#### [To do]
Lines from the line with "Toyota Innova Hycross" to the line with "Танджунгджая: OYO 2860" in the entries below, and only those, must be output exactly, with both ends included.

Given records START

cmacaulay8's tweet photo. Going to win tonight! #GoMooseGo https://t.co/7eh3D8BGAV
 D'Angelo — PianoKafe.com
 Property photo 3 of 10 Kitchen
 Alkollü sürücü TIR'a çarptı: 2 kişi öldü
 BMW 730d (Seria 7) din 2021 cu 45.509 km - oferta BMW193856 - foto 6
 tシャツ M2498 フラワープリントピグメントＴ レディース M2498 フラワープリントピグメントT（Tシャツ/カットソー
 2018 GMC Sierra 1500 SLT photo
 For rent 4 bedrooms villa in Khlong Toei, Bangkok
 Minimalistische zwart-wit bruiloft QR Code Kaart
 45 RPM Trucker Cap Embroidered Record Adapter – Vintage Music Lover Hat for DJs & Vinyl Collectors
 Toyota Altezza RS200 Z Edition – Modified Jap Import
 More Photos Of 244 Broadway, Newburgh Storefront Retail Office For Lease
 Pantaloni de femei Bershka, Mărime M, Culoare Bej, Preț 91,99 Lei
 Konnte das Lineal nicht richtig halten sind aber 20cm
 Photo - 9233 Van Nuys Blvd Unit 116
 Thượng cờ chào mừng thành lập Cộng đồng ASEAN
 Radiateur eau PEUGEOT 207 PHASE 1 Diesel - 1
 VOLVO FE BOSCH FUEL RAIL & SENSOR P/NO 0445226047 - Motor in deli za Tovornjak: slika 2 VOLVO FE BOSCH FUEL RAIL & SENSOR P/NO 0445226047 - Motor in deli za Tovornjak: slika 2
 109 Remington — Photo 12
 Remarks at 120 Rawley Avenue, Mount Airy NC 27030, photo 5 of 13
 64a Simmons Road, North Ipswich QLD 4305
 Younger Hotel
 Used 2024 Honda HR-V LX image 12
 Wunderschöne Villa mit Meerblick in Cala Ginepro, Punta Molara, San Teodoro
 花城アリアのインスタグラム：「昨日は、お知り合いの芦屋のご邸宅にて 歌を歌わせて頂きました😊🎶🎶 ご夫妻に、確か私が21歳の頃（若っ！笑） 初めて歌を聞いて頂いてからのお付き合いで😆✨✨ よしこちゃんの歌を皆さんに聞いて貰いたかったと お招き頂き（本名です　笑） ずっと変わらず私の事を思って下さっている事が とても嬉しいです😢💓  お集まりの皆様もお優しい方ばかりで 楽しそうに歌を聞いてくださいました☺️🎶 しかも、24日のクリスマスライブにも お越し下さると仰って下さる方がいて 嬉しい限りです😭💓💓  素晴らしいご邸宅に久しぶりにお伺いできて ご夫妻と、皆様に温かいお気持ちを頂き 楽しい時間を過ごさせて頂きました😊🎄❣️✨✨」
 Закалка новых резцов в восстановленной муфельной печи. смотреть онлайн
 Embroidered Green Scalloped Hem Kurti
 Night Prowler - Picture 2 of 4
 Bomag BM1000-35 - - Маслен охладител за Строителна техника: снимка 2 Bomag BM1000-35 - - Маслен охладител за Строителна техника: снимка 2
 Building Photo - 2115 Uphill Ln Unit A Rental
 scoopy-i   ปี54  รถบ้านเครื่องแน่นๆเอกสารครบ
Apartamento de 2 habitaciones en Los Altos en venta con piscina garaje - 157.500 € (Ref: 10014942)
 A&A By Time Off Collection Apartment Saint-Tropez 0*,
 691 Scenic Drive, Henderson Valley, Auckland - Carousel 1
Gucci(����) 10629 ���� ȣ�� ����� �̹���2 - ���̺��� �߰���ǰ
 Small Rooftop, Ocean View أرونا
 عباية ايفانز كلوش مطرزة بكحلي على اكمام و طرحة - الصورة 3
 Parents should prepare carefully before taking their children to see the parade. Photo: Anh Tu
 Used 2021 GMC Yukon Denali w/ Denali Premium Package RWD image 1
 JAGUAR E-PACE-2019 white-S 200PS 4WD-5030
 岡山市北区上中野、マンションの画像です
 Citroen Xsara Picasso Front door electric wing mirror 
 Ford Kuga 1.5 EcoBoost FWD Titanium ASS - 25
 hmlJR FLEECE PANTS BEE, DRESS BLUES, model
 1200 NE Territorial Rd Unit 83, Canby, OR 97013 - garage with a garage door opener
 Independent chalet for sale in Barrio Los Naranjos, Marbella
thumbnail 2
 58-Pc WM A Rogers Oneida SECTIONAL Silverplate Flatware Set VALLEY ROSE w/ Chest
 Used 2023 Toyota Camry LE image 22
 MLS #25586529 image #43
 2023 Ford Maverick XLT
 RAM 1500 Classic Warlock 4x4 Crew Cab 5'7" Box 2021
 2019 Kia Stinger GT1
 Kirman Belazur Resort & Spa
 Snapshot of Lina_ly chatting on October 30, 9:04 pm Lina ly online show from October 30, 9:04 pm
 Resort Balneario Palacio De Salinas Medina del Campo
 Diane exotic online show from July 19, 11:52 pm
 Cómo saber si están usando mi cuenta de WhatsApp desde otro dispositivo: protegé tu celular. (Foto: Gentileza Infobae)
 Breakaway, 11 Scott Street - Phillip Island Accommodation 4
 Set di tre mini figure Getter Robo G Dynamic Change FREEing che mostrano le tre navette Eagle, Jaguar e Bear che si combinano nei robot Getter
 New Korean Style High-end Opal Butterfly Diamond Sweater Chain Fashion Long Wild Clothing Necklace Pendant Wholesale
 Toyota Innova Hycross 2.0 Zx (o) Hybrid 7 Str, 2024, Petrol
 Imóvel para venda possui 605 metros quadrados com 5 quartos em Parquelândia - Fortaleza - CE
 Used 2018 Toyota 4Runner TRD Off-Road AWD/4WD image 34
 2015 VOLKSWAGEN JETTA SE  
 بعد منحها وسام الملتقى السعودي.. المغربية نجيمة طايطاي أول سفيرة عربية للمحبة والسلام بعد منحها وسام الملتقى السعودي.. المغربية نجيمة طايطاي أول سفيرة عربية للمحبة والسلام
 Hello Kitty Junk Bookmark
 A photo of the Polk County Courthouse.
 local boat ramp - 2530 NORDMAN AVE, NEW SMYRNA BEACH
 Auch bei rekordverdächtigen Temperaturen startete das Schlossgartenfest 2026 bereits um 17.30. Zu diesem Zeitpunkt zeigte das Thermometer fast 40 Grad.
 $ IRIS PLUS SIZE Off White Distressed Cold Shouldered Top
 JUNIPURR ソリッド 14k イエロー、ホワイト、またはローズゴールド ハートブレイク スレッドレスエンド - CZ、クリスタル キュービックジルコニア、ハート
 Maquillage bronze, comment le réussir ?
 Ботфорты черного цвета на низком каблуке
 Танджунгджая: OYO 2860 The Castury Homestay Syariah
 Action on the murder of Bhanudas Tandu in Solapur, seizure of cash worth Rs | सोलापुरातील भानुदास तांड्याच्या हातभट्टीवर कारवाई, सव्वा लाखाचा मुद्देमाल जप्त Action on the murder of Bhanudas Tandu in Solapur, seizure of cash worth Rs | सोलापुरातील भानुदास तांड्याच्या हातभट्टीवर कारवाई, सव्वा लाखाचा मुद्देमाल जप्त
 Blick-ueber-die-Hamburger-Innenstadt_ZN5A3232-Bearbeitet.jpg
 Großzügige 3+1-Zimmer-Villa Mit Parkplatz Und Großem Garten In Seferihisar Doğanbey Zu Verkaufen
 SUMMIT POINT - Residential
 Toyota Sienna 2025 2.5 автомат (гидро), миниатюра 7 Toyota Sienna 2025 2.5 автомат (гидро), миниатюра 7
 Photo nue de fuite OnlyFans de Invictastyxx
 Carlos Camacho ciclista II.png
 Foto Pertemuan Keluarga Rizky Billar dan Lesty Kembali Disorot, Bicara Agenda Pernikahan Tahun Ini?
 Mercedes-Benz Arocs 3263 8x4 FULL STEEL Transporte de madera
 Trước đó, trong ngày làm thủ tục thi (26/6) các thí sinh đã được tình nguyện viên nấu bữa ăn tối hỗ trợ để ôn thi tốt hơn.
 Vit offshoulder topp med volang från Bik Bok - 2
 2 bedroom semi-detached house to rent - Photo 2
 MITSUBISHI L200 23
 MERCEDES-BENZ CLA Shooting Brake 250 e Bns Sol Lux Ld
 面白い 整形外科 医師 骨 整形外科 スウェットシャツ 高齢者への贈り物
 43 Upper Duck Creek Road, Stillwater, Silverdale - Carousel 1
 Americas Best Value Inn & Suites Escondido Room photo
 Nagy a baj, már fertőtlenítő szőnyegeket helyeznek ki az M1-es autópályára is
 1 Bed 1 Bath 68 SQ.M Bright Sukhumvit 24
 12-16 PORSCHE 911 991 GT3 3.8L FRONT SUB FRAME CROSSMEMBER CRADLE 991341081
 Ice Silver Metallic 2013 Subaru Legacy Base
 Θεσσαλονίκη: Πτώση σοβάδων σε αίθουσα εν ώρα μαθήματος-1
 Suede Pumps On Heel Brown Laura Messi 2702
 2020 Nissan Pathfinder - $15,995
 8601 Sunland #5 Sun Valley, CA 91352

Given records END

#### [Your solution]
 Toyota Innova Hycross 2.0 Zx (o) Hybrid 7 Str, 2024, Petrol
 Imóvel para venda possui 605 metros quadrados com 5 quartos em Parquelândia - Fortaleza - CE
 Used 2018 Toyota 4Runner TRD Off-Road AWD/4WD image 34
 2015 VOLKSWAGEN JETTA SE  
 بعد منحها وسام الملتقى السعودي.. المغربية نجيمة طايطاي أول سفيرة عربية للمحبة والسلام بعد منحها وسام الملتقى السعودي.. المغربية نجيمة طايطاي أول سفيرة عربية للمحبة والسلام
 Hello Kitty Junk Bookmark
 A photo of the Polk County Courthouse.
 local boat ramp - 2530 NORDMAN AVE, NEW SMYRNA BEACH
 Auch bei rekordverdächtigen Temperaturen startete das Schlossgartenfest 2026 bereits um 17.30. Zu diesem Zeitpunkt zeigte das Thermometer fast 40 Grad.
 $ IRIS PLUS SIZE Off White Distressed Cold Shouldered Top
 JUNIPURR ソリッド 14k イエロー、ホワイト、またはローズゴールド ハートブレイク スレッドレスエンド - CZ、クリスタル キュービックジルコニア、ハート
 Maquillage bronze, comment le réussir ?
 Ботфорты черного цвета на низком каблуке
 Танджунгджая: OYO 2860 The Castury Homestay Syariah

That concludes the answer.